Eliot’s piece is a sobering reminder of what Solomon observed centuries before—meaningless, all is meaningless under the sun.
Classical and Christian? 3.26.2007
In my glance through the history of American education, it was interesting for me to discover that there is a correlation between the Harvard curriculum, as it was called by some, and the Christian religion. No matter what one’s opinions about the relationship between our country’s origins and the Christian religion, there is a definite stamp of a relationship on some level. Why Latin? Why Greek? Why studies in philosophy, logic, rhetoric? These were all important in the American curriculum for the purpose of understanding the Bible and classics better for the average American.

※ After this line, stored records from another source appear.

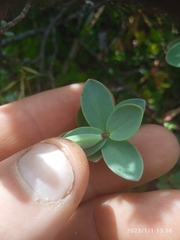 Veronica pinguifolia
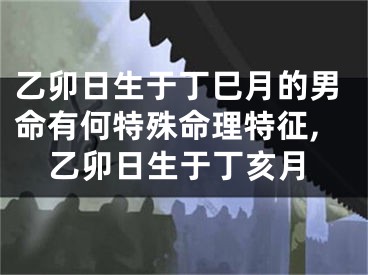 乙卯日生于丁巳月的男命有何特殊命理特征,乙卯日生于丁亥月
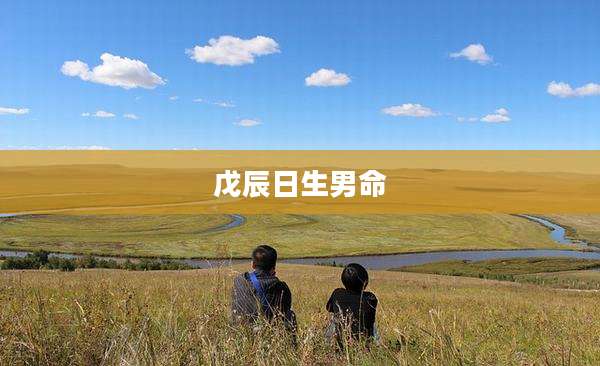 戊辰日生男命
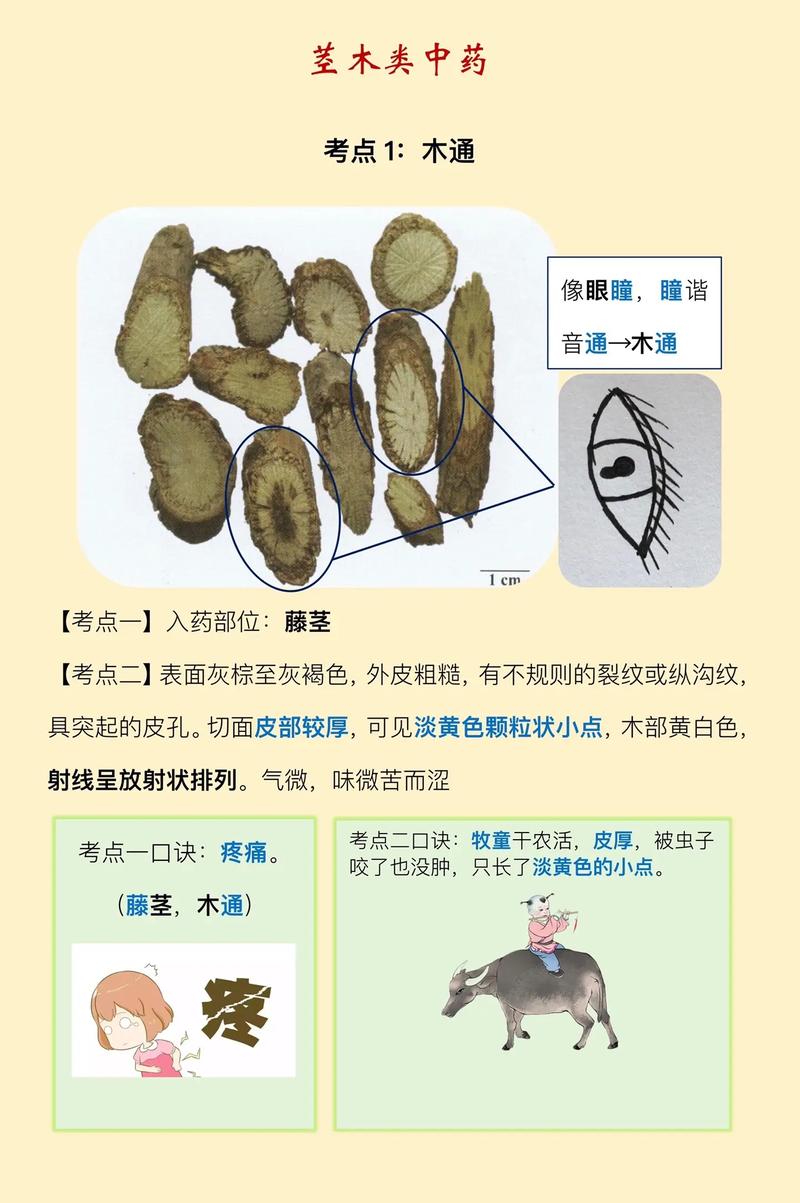 悉普印度代购希爱力是真的吗？避坑指南与正品鉴别全攻略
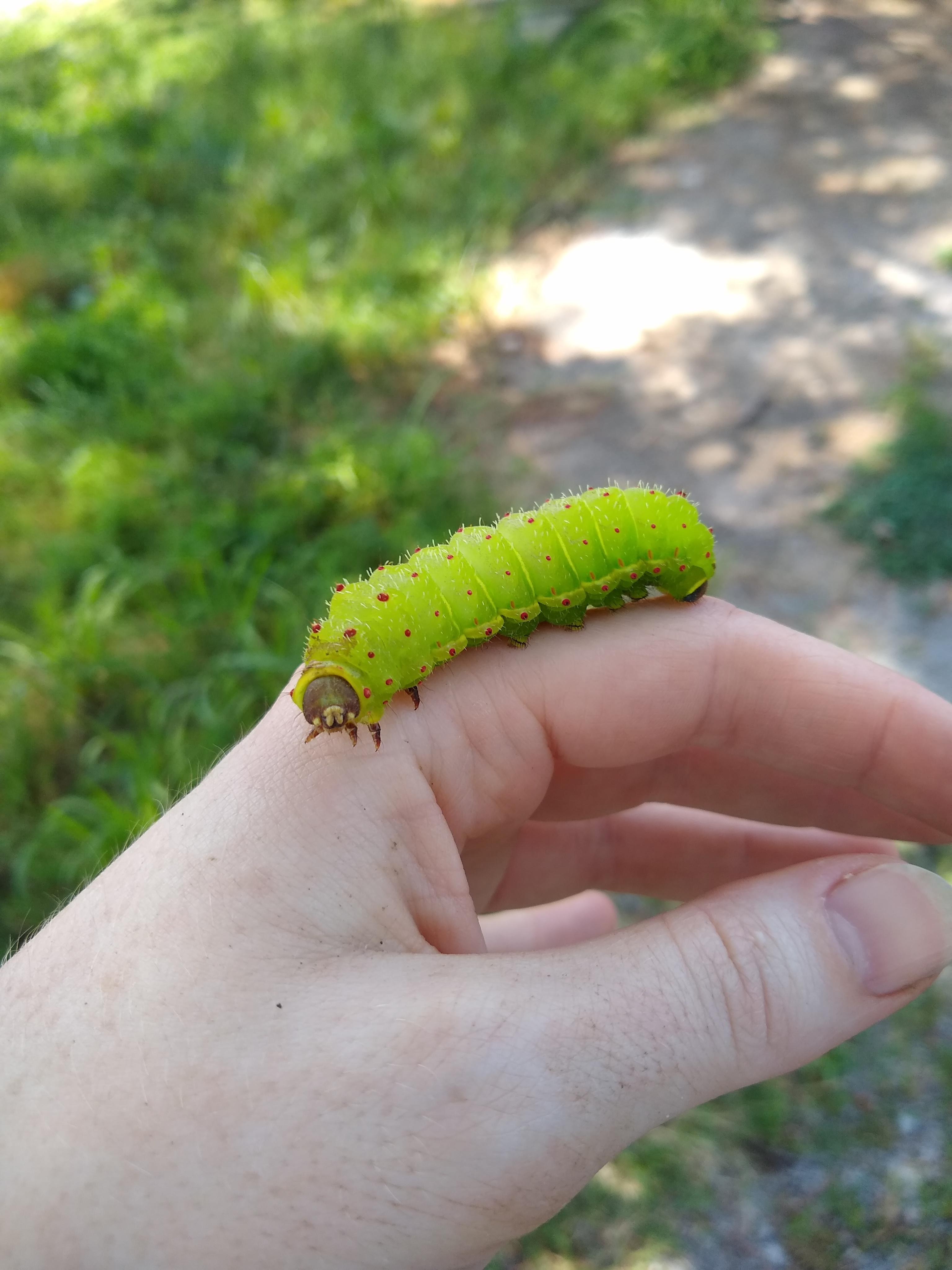 Luna Moth Caterpillar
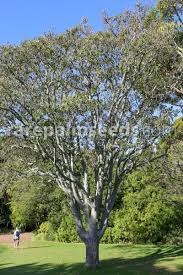 Image result for Calodendrum capense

It is interesting that as America became more multicultural, Unitarians such as Horace Mann or atheists such as John Dewey, began proposing adjusting the curriculum along a needs or skills base, that is, the goal of education is to produce an effective worker. Whereas, the goal of the traditional American education was at one time to have what Susan Wise-Bauer called a “Well-trained Mind,” that is, a student who could think critically for himself and learn “anything” not just one job skill.
My interest therefore became more and more traditional or classical. I admit, I was drawn to the traditional approach because of its clear “intermingling” with the Christian religion; I am a Christian and a member of a Presbyterian church — no apologies there. It is ironic that the more multicultural and pluralist our society has become, a traditional approach to learning has become a pariah. As G.K. Chesterton observed, when the standards disappear, anything goes. As American education dropped the perennial, classical model, we have been tossed in a sea of educational relativism—anything goes. This pragmatic approach to education is embarrassing.